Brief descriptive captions
=====

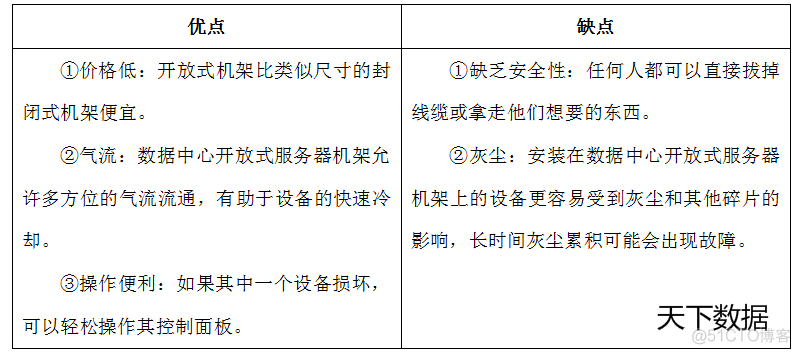 数据中心服务器内部架构 数据中心服务器机架_配线架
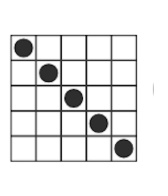 Option B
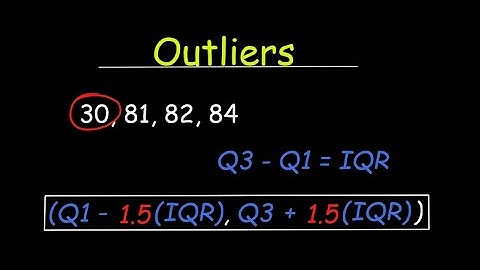 Outliers - Introduction to Statistics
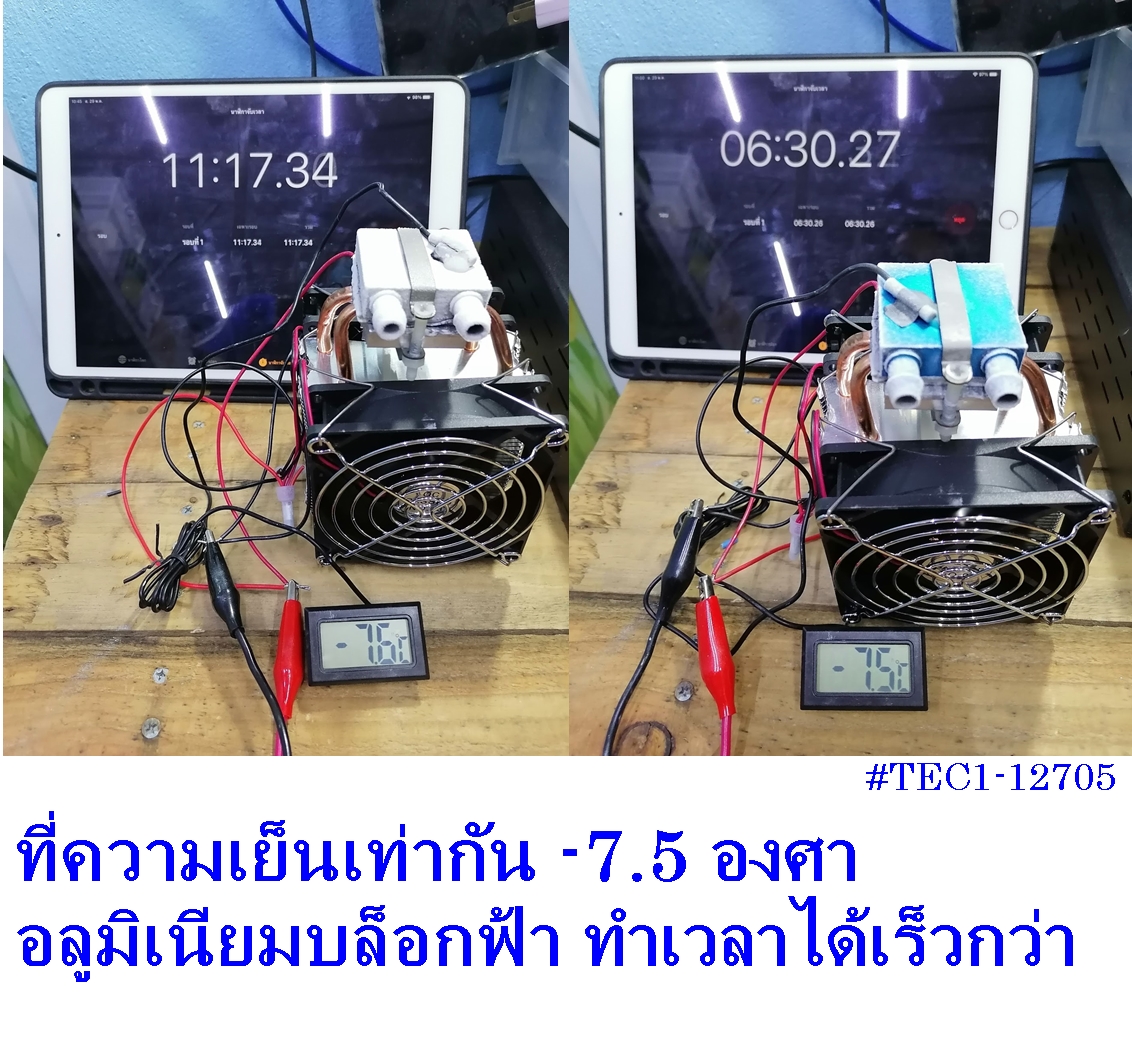 40*80*12 Aluminum Water Cooling Block Radiator Heatsink (อลูมิเนียมบล็อกฟ้า)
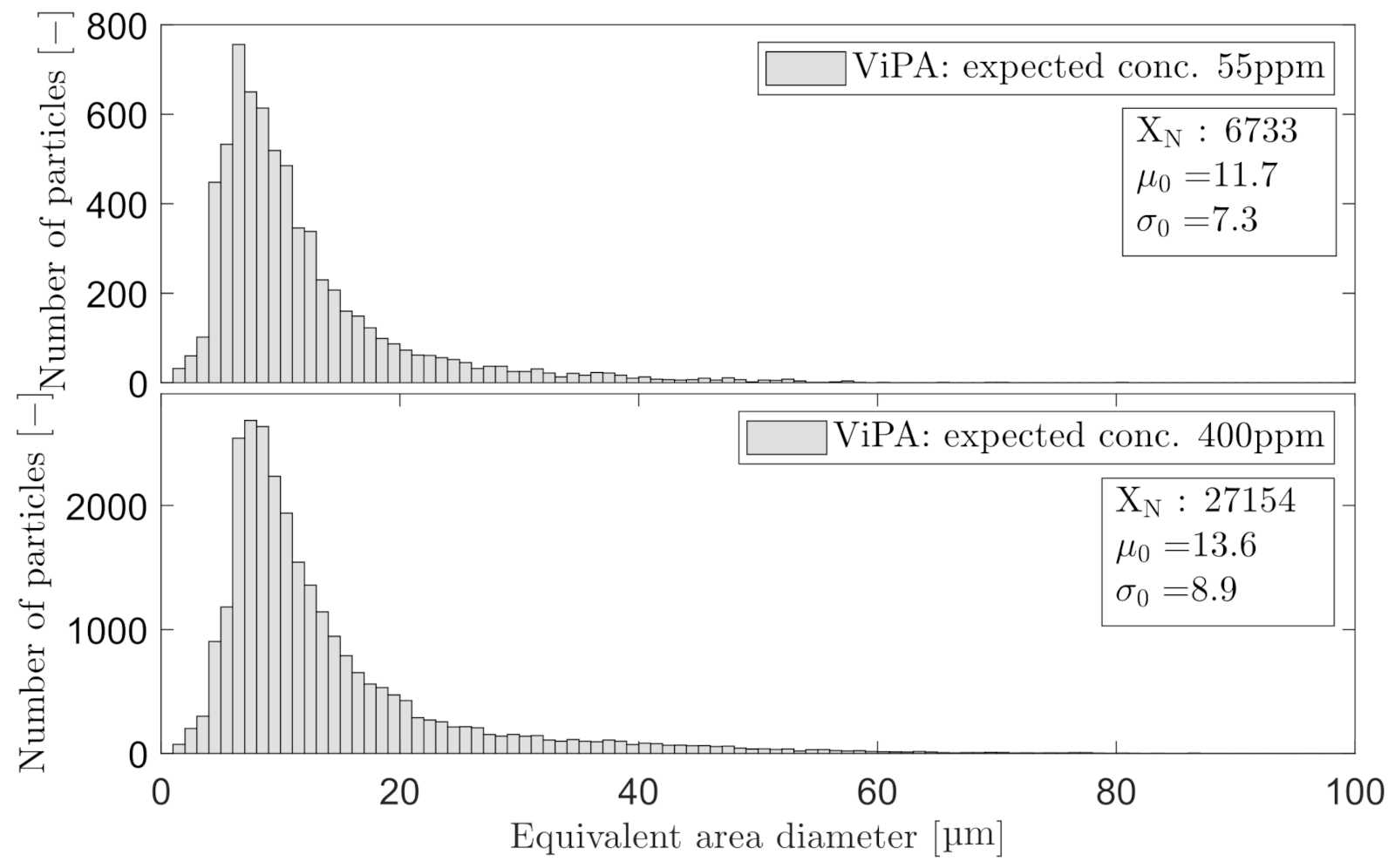 Sensors 21 03192 g014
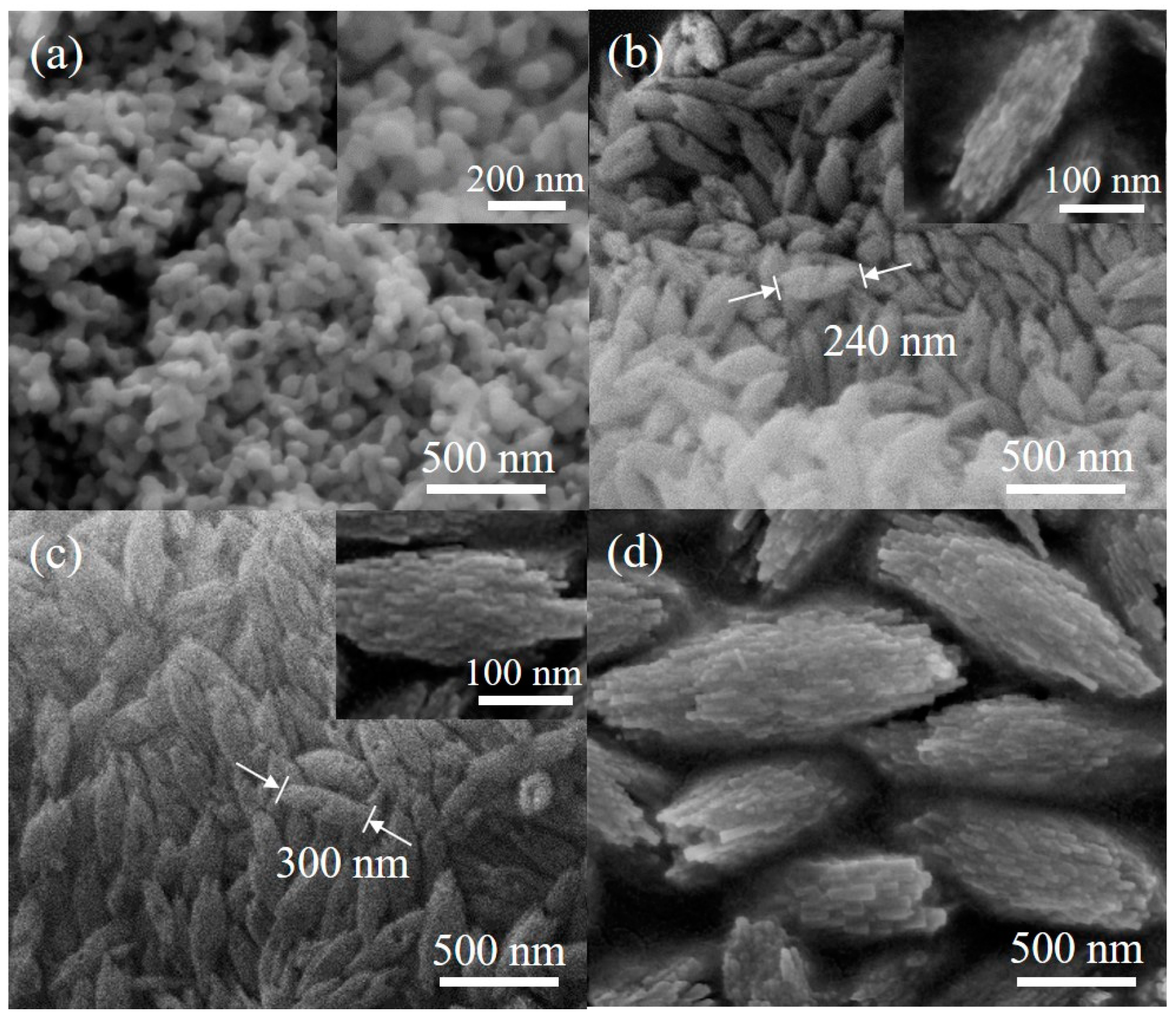 Crystals Free Full Text Effects Of Synthesis Parameters On Crystallization Behavior Of K Mer Zeolite And Its Morphological Properties On Catalytic Cyanoethylation Reaction Html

=====

## [Exercise brief]
Set down the data again, exactly, without images.

## [Solved problem]
 数据中心服务器内部架构 数据中心服务器机架_配线架
 Option B
 Outliers - Introduction to Statistics
 40*80*12 Aluminum Water Cooling Block Radiator Heatsink (อลูมิเนียมบล็อกฟ้า)
 Sensors 21 03192 g014
 Crystals Free Full Text Effects Of Synthesis Parameters On Crystallization Behavior Of K Mer Zeolite And Its Morphological Properties On Catalytic Cyanoethylation Reaction Html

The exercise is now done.